Il Sunken Pedestrian Bridge, meglio conosciuto come il ponte di Mosè, è costruito in legno e divide le acque di un fossato di protezione di un forte del Settecento nella città di Halsteren, nei Paesi Bassi. Permette il passaggio dei pedoni da una sponda all’altra del canale, lungo un breve tragitto emozionante e suggestivo. Costruito al di sotto della superficie dell’acqua, il ponte dà proprio la sensazione di camminare in mezzo alle acque, come fece lo stesso Mosè secondo la tradizione biblica. Tra le particolarità, quella più suggestiva è che il ponte è completamente invisibile da lontano, così che il viaggiatore si accorge della sua presenza solo una volta giunto in prossimità dell’opera.

Ponte sulle Gorge di San Gervasio – Piemonte

(foto: YouTube)

Sembra incredibile, ma il ponte tibetano più lungo del mondo si trova a soli 70 chilometri da Torino, più precisamente a Claviere, un paesino al confine con la Francia. Il percorso sospeso, nel vero senso della parola, a 35-40 metri dal suolo rappresenta un’occasione per gli amanti della natura incontaminata per immergersi nella vegetazione e nella fauna tipica di quel territorio. Per chi non soffre di vertigini, è un'esperienza unica e affascinante.

Helix Bridge – Marina Bay, Singapore

(foto: Wikipedia)

A Singapore si trova un'opera architettonica che ricorda la forma del DNA, e per questo è stata rinominata The Helix (ossia l’elica). Inaugurato nel 2010, nasce come passerella pedonale intorno alla baia antistante la foce del fiume Singapore (Marina Bay), ma il suo successo non deriva dalla sua funzionalità bensì dalla forma architettonica innovativa, unica nel suo genere. Tra i premi vinti dalla struttura, uno dei più prestigiosi è quello di Miglior edificio di trasporto al mondo ai World Architecture Festival Awards.

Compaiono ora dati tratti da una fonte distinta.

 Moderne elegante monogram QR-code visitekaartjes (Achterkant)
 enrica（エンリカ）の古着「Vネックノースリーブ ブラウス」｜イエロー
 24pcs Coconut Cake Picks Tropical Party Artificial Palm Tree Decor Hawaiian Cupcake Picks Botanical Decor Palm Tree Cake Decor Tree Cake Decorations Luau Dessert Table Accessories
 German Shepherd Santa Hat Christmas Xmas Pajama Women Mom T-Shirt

Ponte Rion Antirion – Peloponneso, Grecia

(foto: twalmedia/Pixabay)

Soprannominato il ponte di Poseidone, detiene il record per essere il più lungo del mondo, con i suoi 2.883 metri. Quest’opera architettonica in cemento e acciaio attraversa il golfo del Corinto e unisce il Peloponneso alla Grecia continentale. Oltre a favorire non poco la comunicazione tra Grecia e Italia per la sua posizione strategica, quello che colpisce è la sua imponenza architettonica: l’arco lungo quasi 3 chilometri è sorretto da 4 torri larghe ciascuna 90 metri, e di massa pari a 150mila tonnellate. L’opera, costruita per essere resistente anche a terremoti superiori al settimo livello della scala Richter, è un modello di eleganza e sicurezza per tutto il mondo.

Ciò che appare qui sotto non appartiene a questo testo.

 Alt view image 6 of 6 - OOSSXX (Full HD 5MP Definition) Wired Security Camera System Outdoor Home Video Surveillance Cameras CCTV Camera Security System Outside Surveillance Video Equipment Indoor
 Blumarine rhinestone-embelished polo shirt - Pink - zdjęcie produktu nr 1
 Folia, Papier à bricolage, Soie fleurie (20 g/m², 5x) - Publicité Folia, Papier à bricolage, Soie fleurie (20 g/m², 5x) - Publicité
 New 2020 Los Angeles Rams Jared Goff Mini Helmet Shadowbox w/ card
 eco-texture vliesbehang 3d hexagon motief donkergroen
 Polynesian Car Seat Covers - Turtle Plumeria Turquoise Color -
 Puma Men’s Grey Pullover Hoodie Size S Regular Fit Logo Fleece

Ponte U Bein – Amarapura, Myanmar

(foto: Wikipedia)

Il ponte è costruito in legno di teak, conosciuto per essere uno dei simboli del Myanmar (o Birmania) con i suoi 1.200 metri di lunghezza. Per la precisione, si trova vicino ad Amarapura, ex capitale dell’impero birmano. La caratteristica più particolare riguarda l'utilità per la comunità: in passato permetteva gli spostamenti per la popolazione locale e oggi, grazie al ponte U Bein, tante persone riescono a vivere e lavorare vendendo souvenir o proponendo altre offerte turistiche. Il momento migliore per visitare quest’opera è il tramonto, quando le luci della sera creano un’atmosfera magica.

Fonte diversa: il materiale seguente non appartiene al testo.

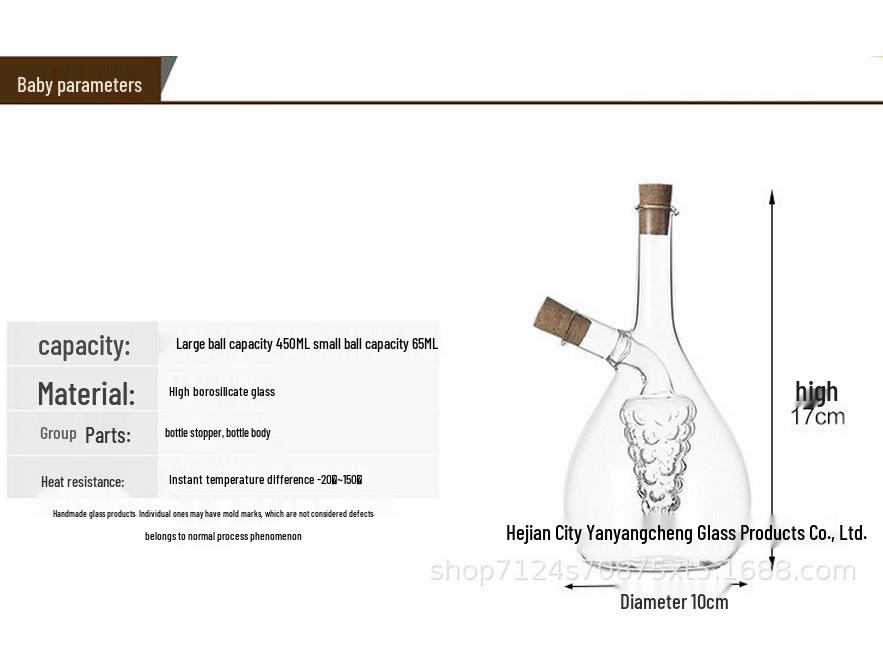 Герметичная неровная стеклянная бутылочка-диспенсер для масла и уксуса из боросиликатного стекла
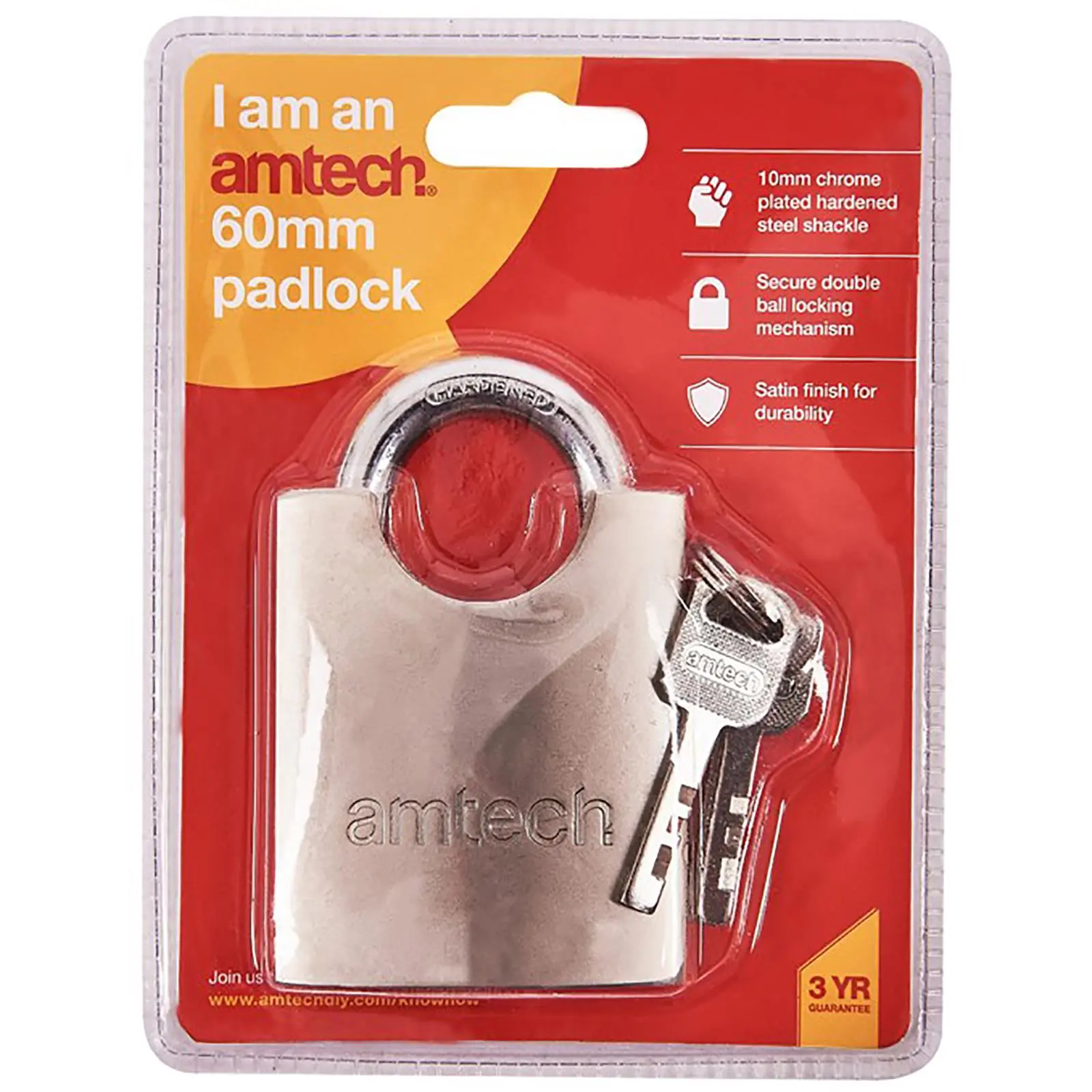 Amtech 60mm Steel Padlock - Image 3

Ponte di Atrani - Campania

(foto: Wikimedia Commons)

Fa da collegamento tra le città di Atrani e di Amalfi, e consiste di un viadotto rettilineo che assicura una vista panoramica tanto unica quanto spettacolare, tra casette arroccate e scogliere a picco sul mare. Pur senza avere caratteristiche straordinarie dal punto di vista ingegneristico, in nessun'altra località al mondo si trova un colpo d'occhio di questo tipo, sia per chi passa sul punte sia per chi lo vede avvicinandosi.